Transportation Security Agency
TSA, Transportation Security Agency, CBP, Customs and Border Patrol, and CSD, Cyber Security Division, are all under the umbrella of the Department of Homeland Security. The TSA was formed in the wake of the 9/11 attacks. Its primary mission is to protect and secure the nation's transportation system, as well as, facilitate free movement of people and trade. One of the measures put in place to ensure the safety of air travel is mandatory screenings before flights. However, in recent times, undercover test have found that TSA screeners failed to detect drugs, knives, and other weapons including explosives. In 2015, investigations reveal that screeners’ failure rate was almost 95%. This revelation was brought to light during a Homeland Security house committee meeting (Brandner, & Marsh, 2015). These high failure rates put passengers, flight crews, and other stakeholders at risk, because terrorist can easily exploit such a weakness and use it to potentially cause another terrorist incident.

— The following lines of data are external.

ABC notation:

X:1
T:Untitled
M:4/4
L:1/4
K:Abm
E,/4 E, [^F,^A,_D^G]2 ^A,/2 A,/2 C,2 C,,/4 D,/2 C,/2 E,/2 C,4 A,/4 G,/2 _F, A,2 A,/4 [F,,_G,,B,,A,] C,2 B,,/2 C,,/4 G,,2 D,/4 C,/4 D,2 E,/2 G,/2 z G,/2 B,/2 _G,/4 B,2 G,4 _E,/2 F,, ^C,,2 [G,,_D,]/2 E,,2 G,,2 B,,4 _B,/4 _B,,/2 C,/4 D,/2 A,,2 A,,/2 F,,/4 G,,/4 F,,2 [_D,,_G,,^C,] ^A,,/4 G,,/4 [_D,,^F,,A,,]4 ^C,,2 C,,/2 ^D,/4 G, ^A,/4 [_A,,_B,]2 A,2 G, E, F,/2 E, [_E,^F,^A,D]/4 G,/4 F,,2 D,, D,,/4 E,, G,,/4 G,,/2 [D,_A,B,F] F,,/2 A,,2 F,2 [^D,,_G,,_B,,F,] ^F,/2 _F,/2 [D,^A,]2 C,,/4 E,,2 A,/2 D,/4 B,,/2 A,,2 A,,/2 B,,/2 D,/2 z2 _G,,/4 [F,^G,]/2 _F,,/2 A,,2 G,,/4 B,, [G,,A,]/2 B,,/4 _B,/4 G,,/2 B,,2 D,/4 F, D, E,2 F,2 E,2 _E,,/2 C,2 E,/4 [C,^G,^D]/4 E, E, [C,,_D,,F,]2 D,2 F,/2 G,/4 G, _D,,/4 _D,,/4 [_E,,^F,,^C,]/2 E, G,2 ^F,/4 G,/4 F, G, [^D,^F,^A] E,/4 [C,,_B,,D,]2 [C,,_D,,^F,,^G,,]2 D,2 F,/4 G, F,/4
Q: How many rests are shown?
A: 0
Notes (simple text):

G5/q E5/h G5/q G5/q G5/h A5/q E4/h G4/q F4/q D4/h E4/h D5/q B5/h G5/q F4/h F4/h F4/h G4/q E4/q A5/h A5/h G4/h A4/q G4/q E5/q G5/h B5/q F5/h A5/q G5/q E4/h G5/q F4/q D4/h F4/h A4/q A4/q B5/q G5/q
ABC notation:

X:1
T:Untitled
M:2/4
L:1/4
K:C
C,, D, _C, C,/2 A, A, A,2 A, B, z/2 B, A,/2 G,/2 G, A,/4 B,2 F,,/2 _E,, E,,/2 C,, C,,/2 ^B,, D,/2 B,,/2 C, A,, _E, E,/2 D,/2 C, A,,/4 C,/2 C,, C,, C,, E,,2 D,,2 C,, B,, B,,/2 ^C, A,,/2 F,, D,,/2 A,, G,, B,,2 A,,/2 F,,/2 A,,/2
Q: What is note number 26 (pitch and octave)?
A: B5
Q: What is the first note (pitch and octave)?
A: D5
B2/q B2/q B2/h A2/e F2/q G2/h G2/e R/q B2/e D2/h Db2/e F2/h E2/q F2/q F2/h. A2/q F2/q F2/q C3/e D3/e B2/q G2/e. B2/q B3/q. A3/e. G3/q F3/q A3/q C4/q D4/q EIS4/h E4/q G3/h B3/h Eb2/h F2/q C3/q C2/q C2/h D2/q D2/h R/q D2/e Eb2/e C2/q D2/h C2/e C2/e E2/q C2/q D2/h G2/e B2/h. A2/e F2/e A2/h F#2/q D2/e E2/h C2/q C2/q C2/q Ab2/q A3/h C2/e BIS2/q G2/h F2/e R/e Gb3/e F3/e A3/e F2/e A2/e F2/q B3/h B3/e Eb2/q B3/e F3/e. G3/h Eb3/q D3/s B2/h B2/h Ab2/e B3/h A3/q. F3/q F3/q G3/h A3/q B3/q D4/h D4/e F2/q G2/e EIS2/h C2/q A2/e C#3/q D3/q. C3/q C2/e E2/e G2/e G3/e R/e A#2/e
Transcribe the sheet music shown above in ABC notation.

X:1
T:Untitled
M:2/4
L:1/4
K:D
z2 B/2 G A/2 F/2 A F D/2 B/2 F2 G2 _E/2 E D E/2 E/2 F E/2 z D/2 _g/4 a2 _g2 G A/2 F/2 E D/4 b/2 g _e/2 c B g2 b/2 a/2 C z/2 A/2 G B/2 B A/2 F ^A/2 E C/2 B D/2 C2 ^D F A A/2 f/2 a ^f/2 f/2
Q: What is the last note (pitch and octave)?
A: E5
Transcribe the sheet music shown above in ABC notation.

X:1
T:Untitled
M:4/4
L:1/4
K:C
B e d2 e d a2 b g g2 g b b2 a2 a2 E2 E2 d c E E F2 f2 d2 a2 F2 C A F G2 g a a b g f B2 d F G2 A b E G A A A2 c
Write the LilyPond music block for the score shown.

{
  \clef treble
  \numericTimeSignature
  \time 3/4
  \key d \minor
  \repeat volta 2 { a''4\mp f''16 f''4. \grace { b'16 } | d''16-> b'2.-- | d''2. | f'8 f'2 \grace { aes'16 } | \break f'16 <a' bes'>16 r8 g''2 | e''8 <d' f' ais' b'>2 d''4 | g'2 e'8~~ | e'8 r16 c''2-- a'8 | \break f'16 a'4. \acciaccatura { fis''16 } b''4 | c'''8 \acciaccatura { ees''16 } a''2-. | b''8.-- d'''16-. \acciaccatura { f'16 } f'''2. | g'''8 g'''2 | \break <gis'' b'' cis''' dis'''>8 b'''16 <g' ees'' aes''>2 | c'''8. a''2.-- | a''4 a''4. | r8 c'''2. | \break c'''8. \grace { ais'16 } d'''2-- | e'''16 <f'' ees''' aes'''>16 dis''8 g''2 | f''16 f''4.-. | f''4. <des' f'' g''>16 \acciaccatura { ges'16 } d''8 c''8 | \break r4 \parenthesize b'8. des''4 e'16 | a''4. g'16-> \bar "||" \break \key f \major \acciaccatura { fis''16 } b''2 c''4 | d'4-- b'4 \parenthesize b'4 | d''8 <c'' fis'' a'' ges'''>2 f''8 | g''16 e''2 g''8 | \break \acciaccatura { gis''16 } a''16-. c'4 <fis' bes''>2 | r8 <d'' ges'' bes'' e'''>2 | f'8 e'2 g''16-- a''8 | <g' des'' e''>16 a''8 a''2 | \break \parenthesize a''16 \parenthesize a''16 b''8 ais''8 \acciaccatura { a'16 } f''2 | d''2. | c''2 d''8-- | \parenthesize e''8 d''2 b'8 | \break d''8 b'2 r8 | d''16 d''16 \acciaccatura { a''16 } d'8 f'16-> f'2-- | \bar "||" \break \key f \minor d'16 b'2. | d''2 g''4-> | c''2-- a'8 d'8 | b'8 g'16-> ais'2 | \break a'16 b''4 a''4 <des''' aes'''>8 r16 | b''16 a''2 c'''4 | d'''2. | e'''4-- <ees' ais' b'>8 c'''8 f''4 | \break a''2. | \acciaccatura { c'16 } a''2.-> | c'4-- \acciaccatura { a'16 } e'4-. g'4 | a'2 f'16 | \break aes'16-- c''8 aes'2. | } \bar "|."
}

Another major challenge faced by TSA is the long security checkpoints that are a direct result of policies put in place to facilitate safer air travel. Since 2013, the number of screeners has dropped from 47000 to roughly 44900 in 2017. As we see a decline in the number of screeners that TSA employees, there is also an influx in passengers of about 15% annually. This balloons the passenger to screener ratio and increases wait times for each passenger passing through security checkpoints.
In addition to security checkpoints, the TSA has been plagued with reports of low morale and high attrition rates amongst screeners. This is a direct result of high turnovers in leadership and repeated misconduct of senior managers (Harrington, 2017). Every major airport in the country experiences long security checkpoints and this has led to passenger inconvenience and wasted time, since passengers must arrive at the airport two to three hours prior to their flight departure to make sure that security checkpoints are cleared in ample time to make their flight (McGeehan, & Nixon, 2016).